O mundo, mais preocupado com os jogos olímpicos pode até parecer não se importar tanto com o que acontece no Caucaso, mas o significado desta guerra não pode ser negligenciado. Não vi ninguém defender que seja um retorno da guerra fria, mas esta guerra parecer atender a um chamado do império russo.

Quando o Ocidente rico pratica uma guerra de conquista e continua a dotar contra países pobres, do ocidente e do oriente, uma política que contradiz as promessas que sempre defendeu o seu discurso fica parecendo hipócrita.

Idéias como a de que a China não pode condenar os seus cidadãos à morte, mas os EUA podem; a Rússia não pode invadir a Geórgia, mas os EUA podem invadir o Iraque; a China não pode poluir o mundo, mas os EUA sim, revelam contradições graves demais e na história das olimpíadas talvez seja esta a principal história a ser contada.
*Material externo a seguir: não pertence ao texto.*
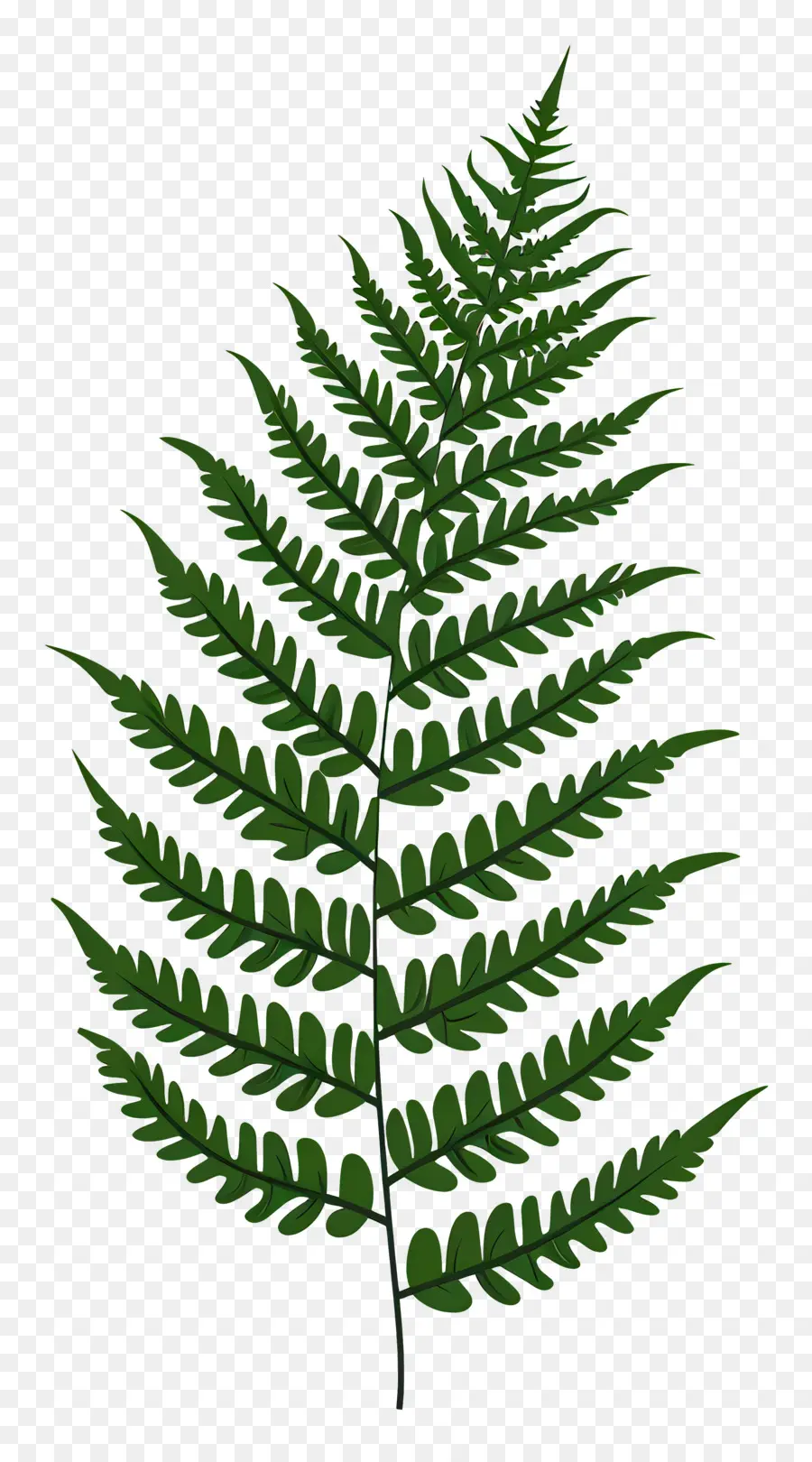 Fern Yaprak，Eğreltiotu PNG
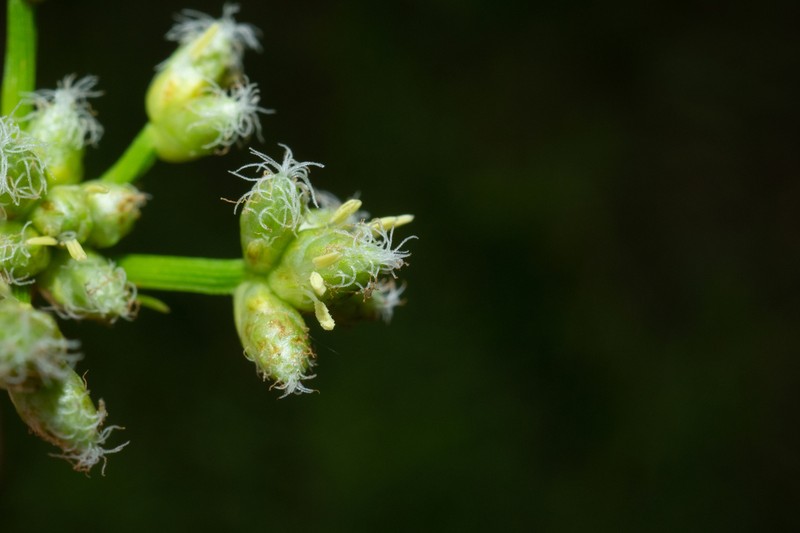 Scirpus rosthornii photo 6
As Olimpíadas da China serão lembradas por Phelps e pelas vitórias da China mas permancerão na memória pela beleza dos jogos e pelas contradições que o mundo de Putin, George W. Bush e da própria China revelam. Em alguma hora, espero que as máscaras comecem a cair e aí poderemos construir o mundo que importa: um mundo em que o talento e a dedicação individual convivam em harmonia com o respeito ao outro.